**Exercise objective**: Only the lines below from the one containing "chat did my neighbor nut on his window" through the last line should be set down, exactly as written and with no pictures.

Dataset records below:

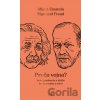 Prečo vojna? - Albert Einstein, Sigmund Freud Prečo vojna? - Albert Einstein, Sigmund Freud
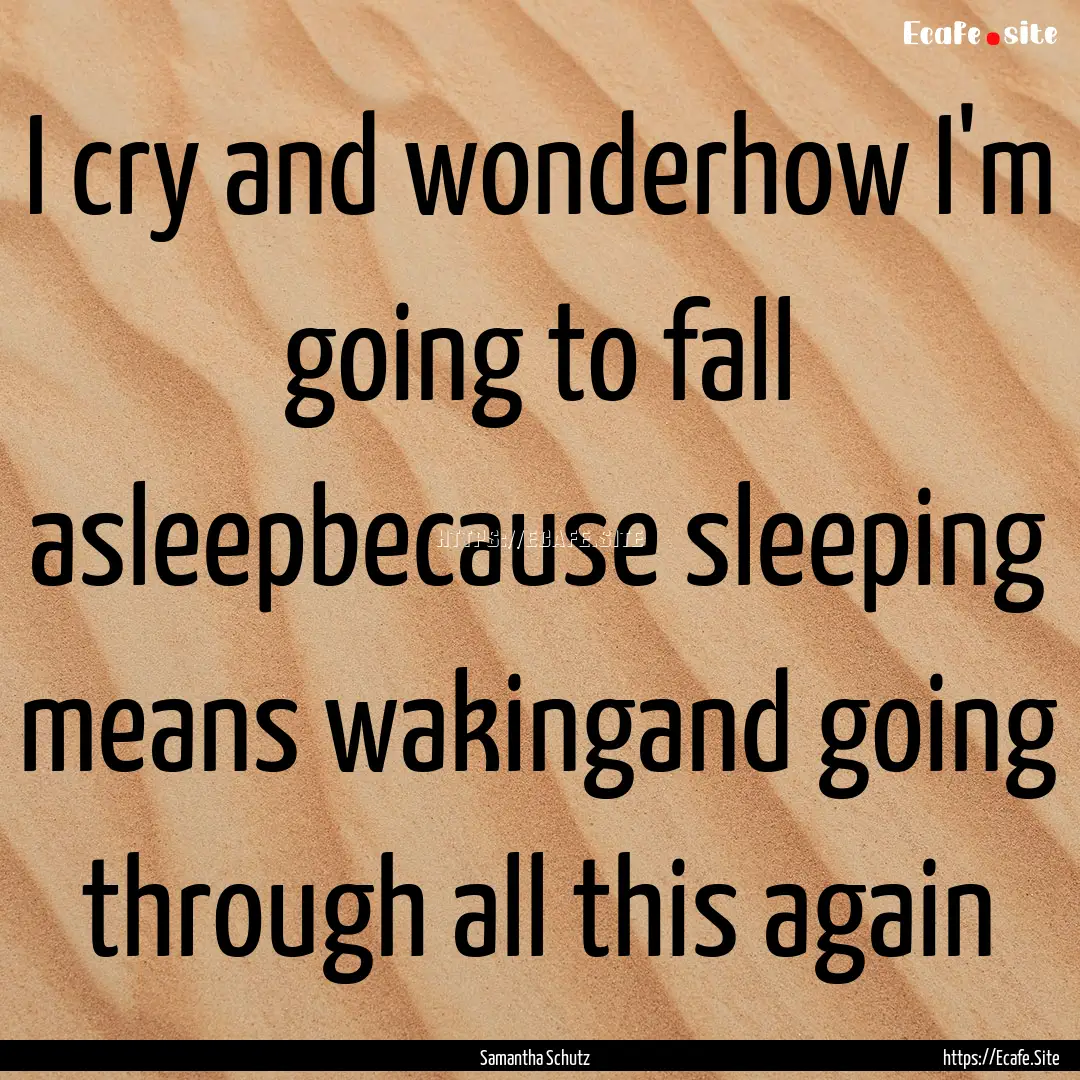 I cry and wonderhow I'm going to fall asleepbecause.... : Quote by Samantha Schutz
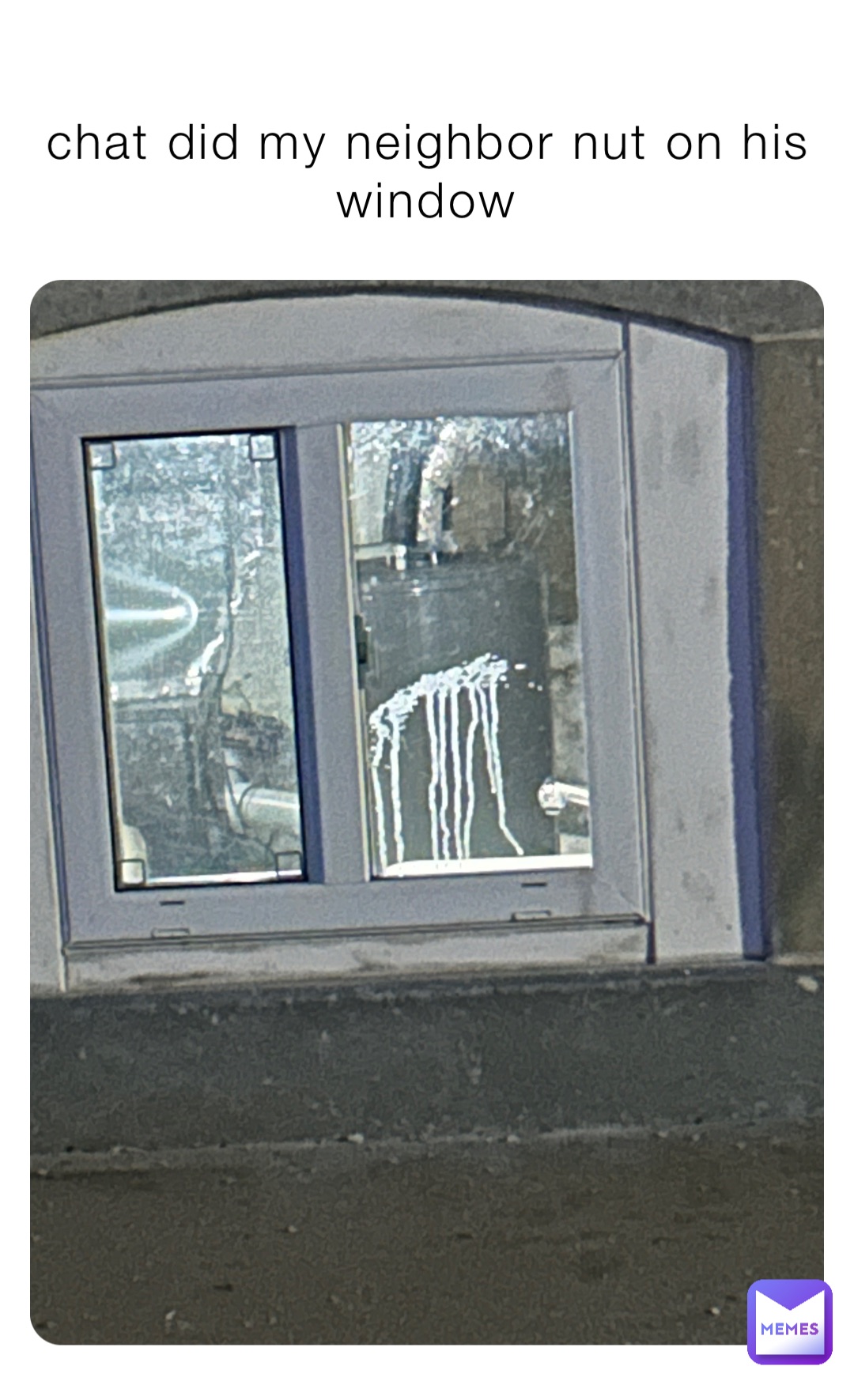 chat did my neighbor nut on his window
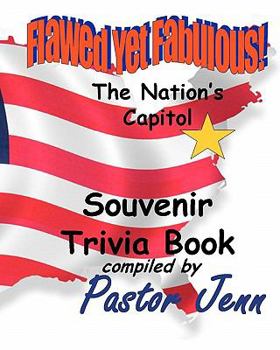 Paperback Flawed Yet Fabulous!: Souvenir Trivia Book -The Nation's Capital Book
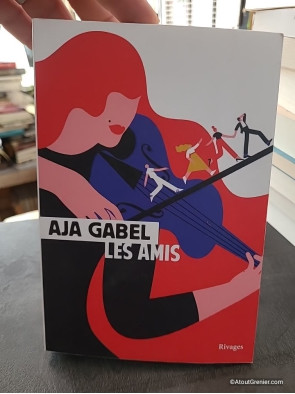 Les amis - Roman d’Aja Gabel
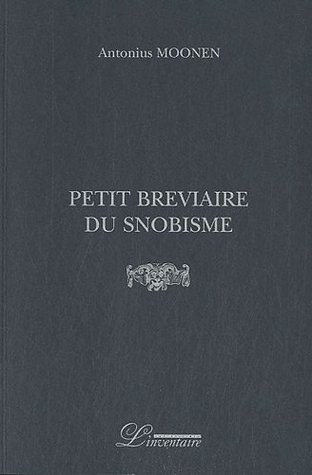 Petit breviaire du snobisme (Paperback)
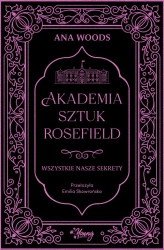 Akademia Sztuk Rosefield T.1 Wszystkie nasze... - Ana Woods
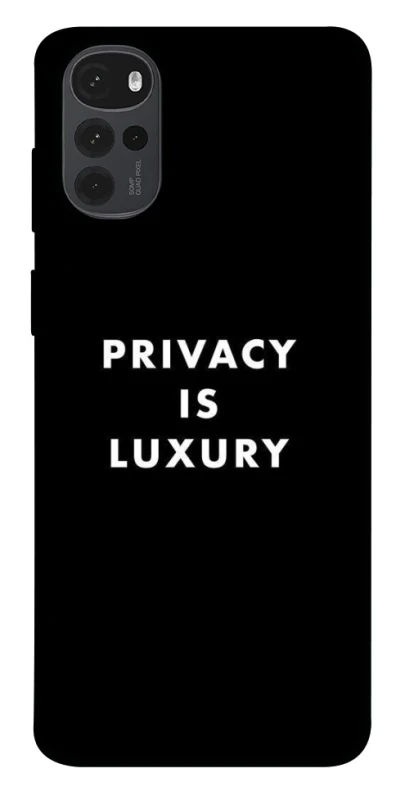 Чохол на Motorola Moto G22 Privacy is luxury фото 1 з 1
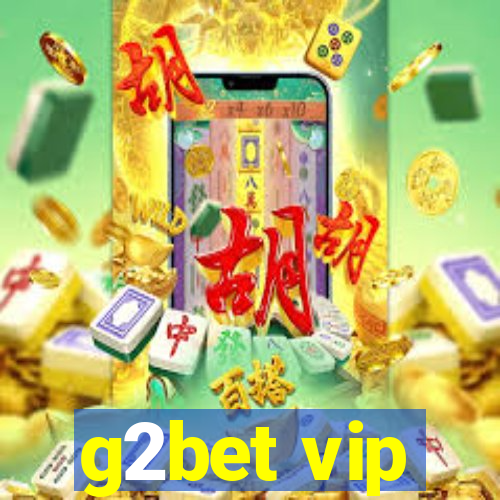 g2bet vip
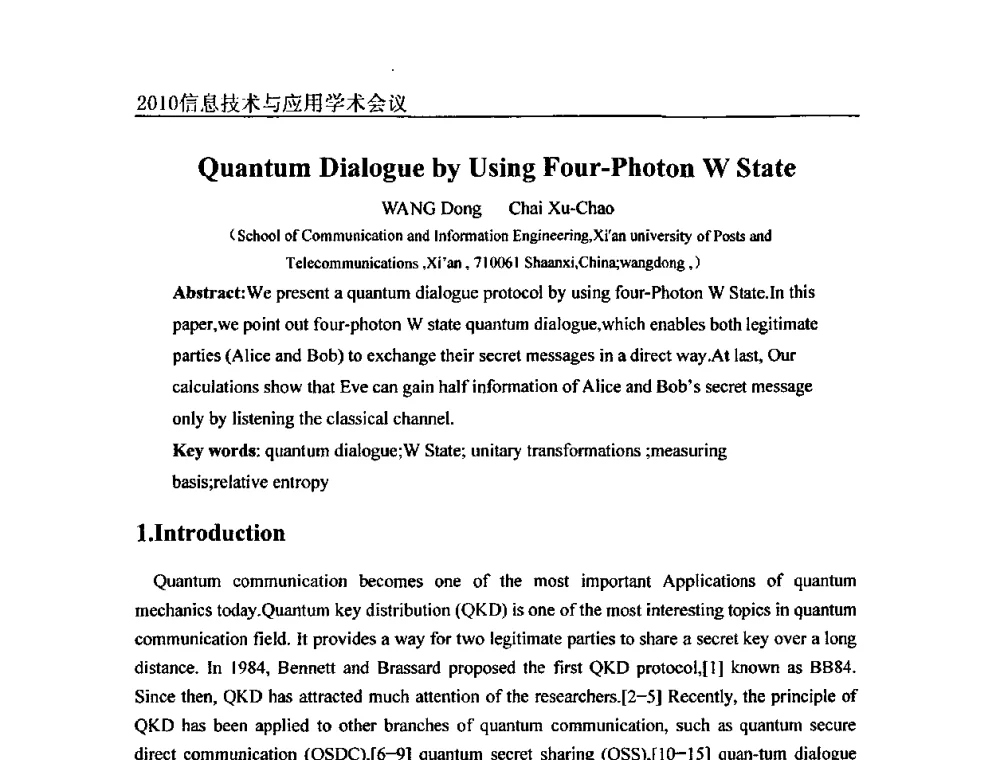 Quantum Dialogue by Using Four-Photon W State - 2010年全国信息技术与应用学术会议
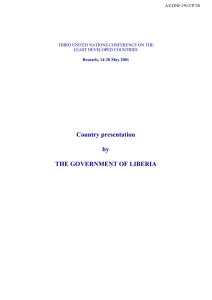 Country presentation by THE GOVERNMENT OF LIBERIA THIRD UNITED NATIONS CONFERENCE ON THE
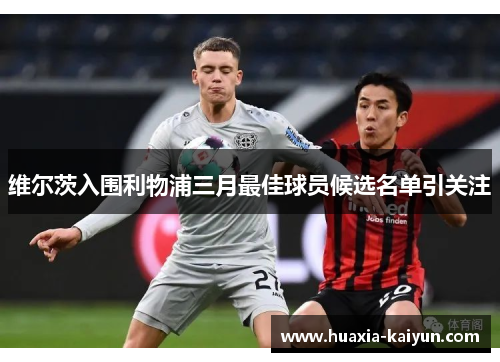 维尔茨入围利物浦三月最佳球员候选名单引关注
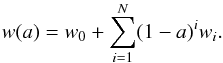 Mathematical equation: \begin{equation} \label{eq:w_expansion} w(a) = w_0 + \sum_{i=1}^N (1-a)^i w_i . \end{equation}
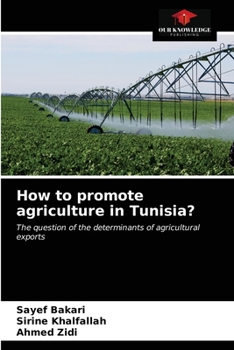 Paperback How to promote agriculture in Tunisia? Book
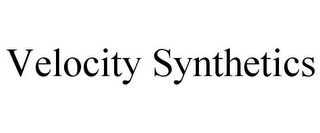 VELOCITY SYNTHETICS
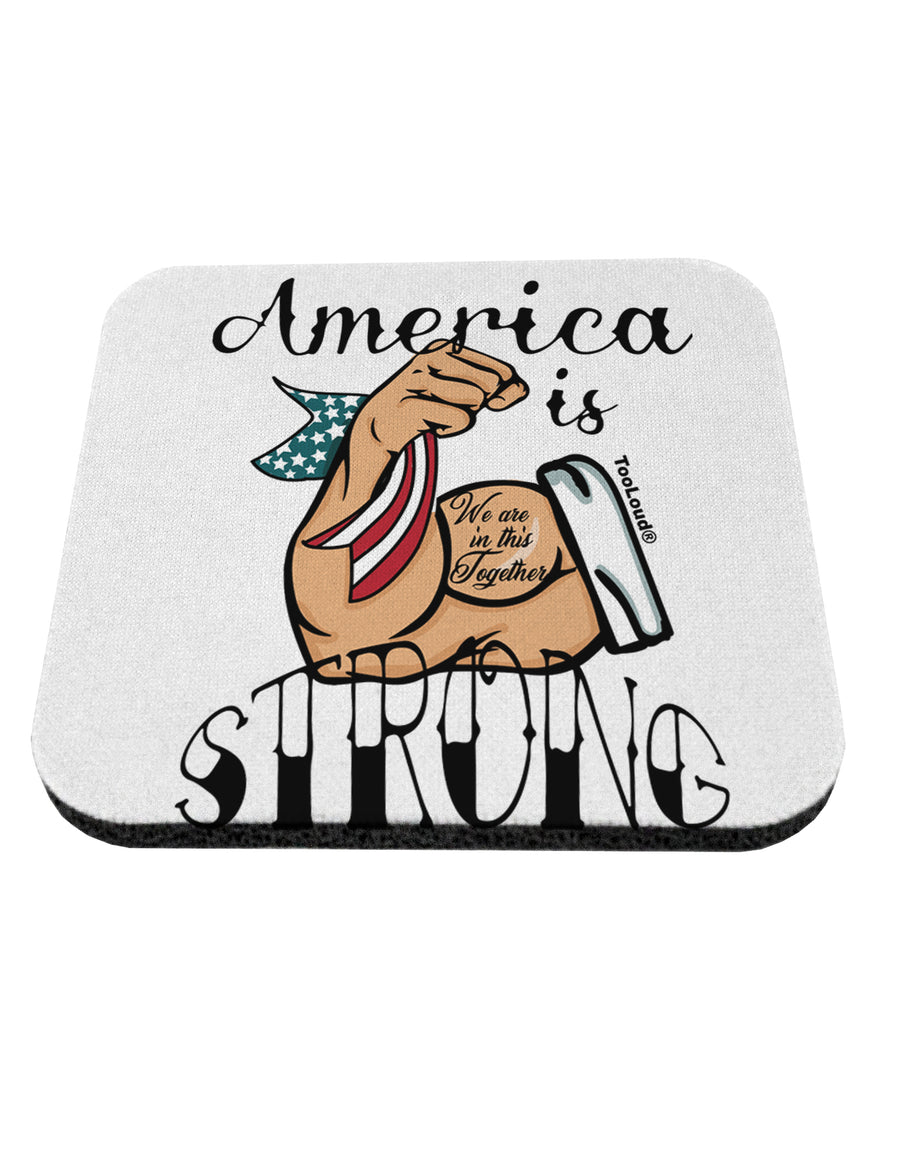 TooLoud America is Strong We will Overcome This Coaster-Coasters-TooLoud-1 Piece-Davson Sales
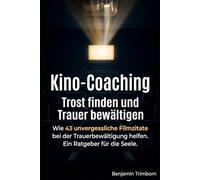 Kino-Coaching: Trost finden und Trauer bewältigen: Wie 43 unvergessliche Filmzitate bei der Trauerbewältigung helfen. Ein Ratgeber für die Seele. ... Kino-Coaching mit ausgewählten Filmzitaten)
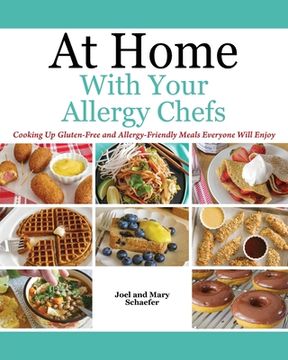 portada At Home With Your Allergy Chefs: Cooking Up Gluten-free and Allergy-Friendly Meals Everyone Will Enjoy (in English)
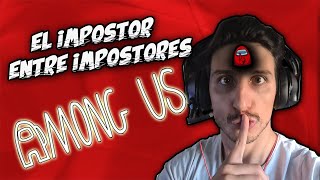 ?? EL IMPOSTOR ENTRE IMPOSTORES ( TROLLEO A MIS COMPAÑEROS) AMONG US ??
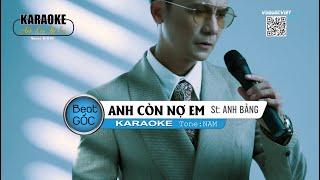 Karaoke ANH CÒN NỢ EM Tone Nam  VŨ QUỐC VIỆT ♪ [upl. by Crofoot]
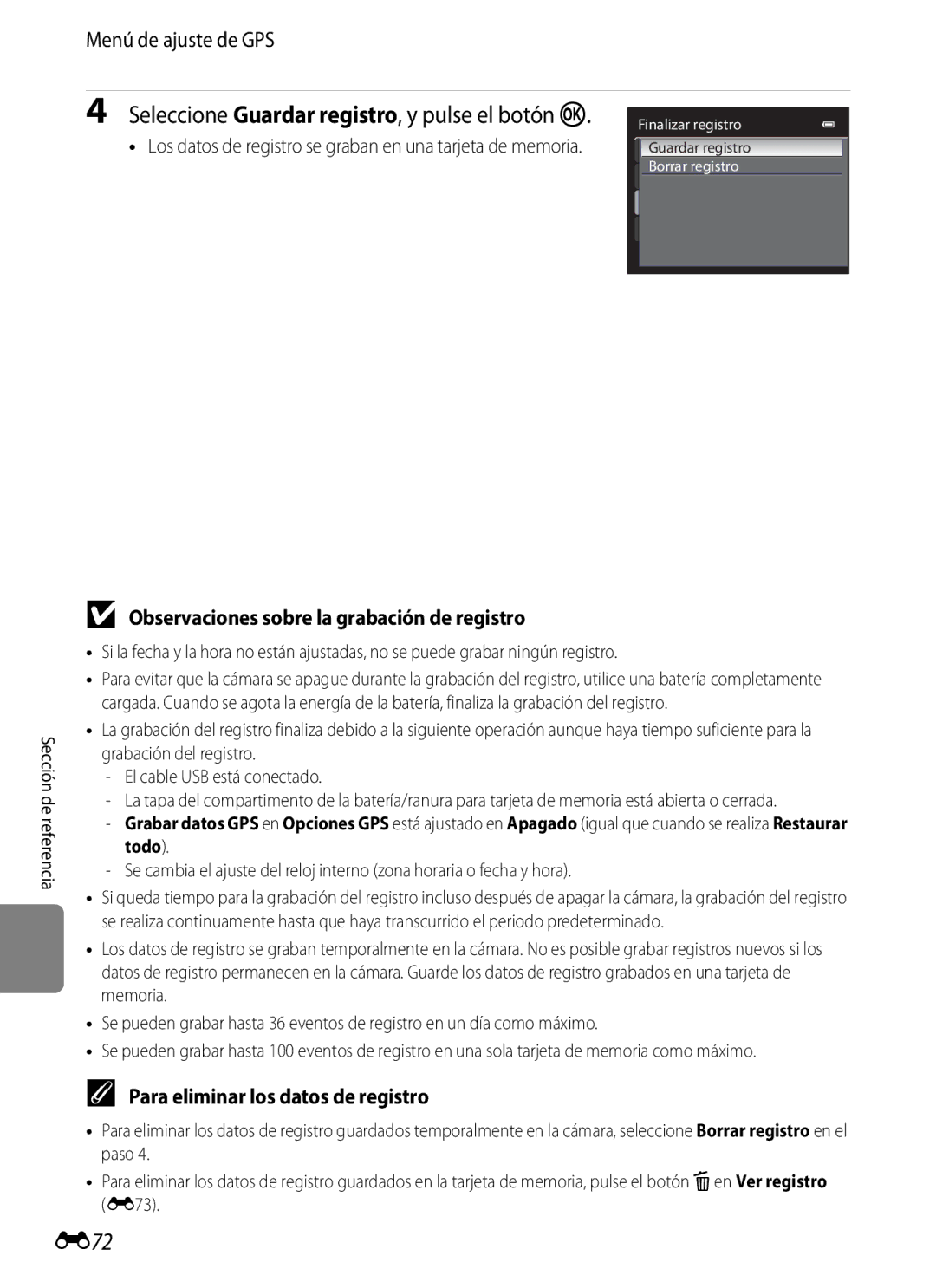 Nikon P510 manual E72, Observaciones sobre la grabación de registro, Para eliminar los datos de registro 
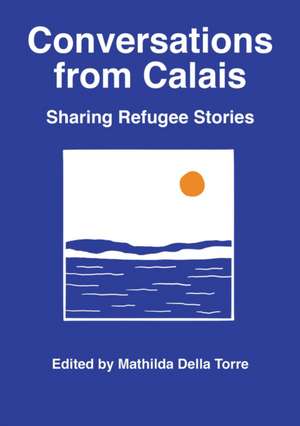 Conversations from Calais de Mathilda Della Torre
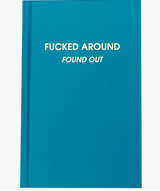 Fuck Around Journal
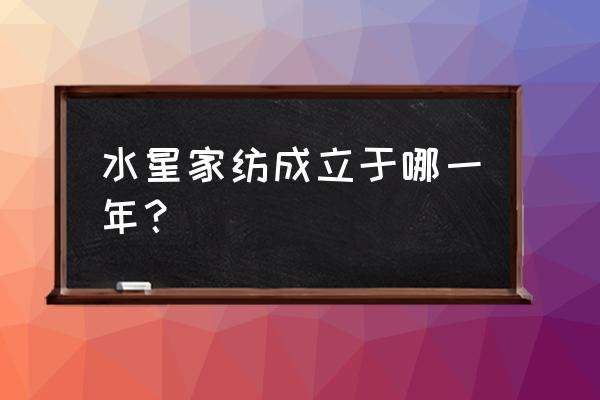 水晶家纺什么时候开盘 水星家纺成立于哪一年？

End of Dataset records.

**Solution to this problem**:
 chat did my neighbor nut on his window
 Paperback Flawed Yet Fabulous!: Souvenir Trivia Book -The Nation's Capital Book
 Les amis - Roman d’Aja Gabel
 Petit breviaire du snobisme (Paperback)
 Akademia Sztuk Rosefield T.1 Wszystkie nasze... - Ana Woods
 Чохол на Motorola Moto G22 Privacy is luxury фото 1 з 1
 g2bet vip
 Quantum Dialogue by Using Four-Photon W State - 2010年全国信息技术与应用学术会议
 Country presentation by THE GOVERNMENT OF LIBERIA THIRD UNITED NATIONS CONFERENCE ON THE
 维尔茨入围利物浦三月最佳球员候选名单引关注
 Mathematical equation: \begin{equation} \label{eq:w_expansion} w(a) = w_0 + \sum_{i=1}^N (1-a)^i w_i . \end{equation}
 Paperback How to promote agriculture in Tunisia? Book
 VELOCITY SYNTHETICS
 TooLoud America is Strong We will Overcome This Coaster-Coasters-TooLoud-1 Piece-Davson Sales
 Kino-Coaching: Trost finden und Trauer bewältigen: Wie 43 unvergessliche Filmzitate bei der Trauerbewältigung helfen. Ein Ratgeber für die Seele. ... Kino-Coaching mit ausgewählten Filmzitaten)
 portada At Home With Your Allergy Chefs: Cooking Up Gluten-free and Allergy-Friendly Meals Everyone Will Enjoy (in English)
 ?? EL IMPOSTOR ENTRE IMPOSTORES ( TROLLEO A MIS COMPAÑEROS) AMONG US ??
 Karaoke ANH CÒN NỢ EM Tone Nam  VŨ QUỐC VIỆT ♪ [upl. by Crofoot]
 Nikon P510 manual E72, Observaciones sobre la grabación de registro, Para eliminar los datos de registro 
 Conversations from Calais de Mathilda Della Torre
 Fuck Around Journal
 水晶家纺什么时候开盘 水星家纺成立于哪一年？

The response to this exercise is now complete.